• _EXERCISE DETAILS_: Once you reach the line that holds "BOITE CHAPEAU Mini" in the listing below, output it and every line after it through the line that holds "Electric Scalp Massager", word for word.

• _EXERCISE MATERIAL_:
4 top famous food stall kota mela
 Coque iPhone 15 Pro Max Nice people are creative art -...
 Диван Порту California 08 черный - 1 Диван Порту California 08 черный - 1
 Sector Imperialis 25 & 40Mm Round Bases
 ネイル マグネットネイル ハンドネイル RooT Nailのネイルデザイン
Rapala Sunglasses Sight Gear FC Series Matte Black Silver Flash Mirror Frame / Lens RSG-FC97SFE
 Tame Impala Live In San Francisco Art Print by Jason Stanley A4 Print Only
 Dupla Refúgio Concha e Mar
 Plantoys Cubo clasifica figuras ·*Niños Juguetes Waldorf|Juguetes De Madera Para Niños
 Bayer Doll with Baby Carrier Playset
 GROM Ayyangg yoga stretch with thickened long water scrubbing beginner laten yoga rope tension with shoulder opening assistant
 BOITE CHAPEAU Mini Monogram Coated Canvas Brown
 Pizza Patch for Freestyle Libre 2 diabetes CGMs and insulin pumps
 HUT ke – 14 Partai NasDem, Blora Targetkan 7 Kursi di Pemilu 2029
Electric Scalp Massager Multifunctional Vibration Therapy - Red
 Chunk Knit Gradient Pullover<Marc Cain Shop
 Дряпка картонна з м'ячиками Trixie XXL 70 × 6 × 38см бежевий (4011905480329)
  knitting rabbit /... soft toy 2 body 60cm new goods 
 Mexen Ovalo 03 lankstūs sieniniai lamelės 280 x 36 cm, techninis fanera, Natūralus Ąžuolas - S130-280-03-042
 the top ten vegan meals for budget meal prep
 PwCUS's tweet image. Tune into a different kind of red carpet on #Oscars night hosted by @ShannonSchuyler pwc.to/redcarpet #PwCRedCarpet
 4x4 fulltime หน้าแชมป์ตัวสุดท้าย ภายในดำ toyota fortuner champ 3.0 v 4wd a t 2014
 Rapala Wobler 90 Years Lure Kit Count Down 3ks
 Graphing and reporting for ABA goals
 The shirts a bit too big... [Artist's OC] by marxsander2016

• _YOUR RESPONSE_:
 BOITE CHAPEAU Mini Monogram Coated Canvas Brown
 Pizza Patch for Freestyle Libre 2 diabetes CGMs and insulin pumps
 HUT ke – 14 Partai NasDem, Blora Targetkan 7 Kursi di Pemilu 2029
Electric Scalp Massager Multifunctional Vibration Therapy - Red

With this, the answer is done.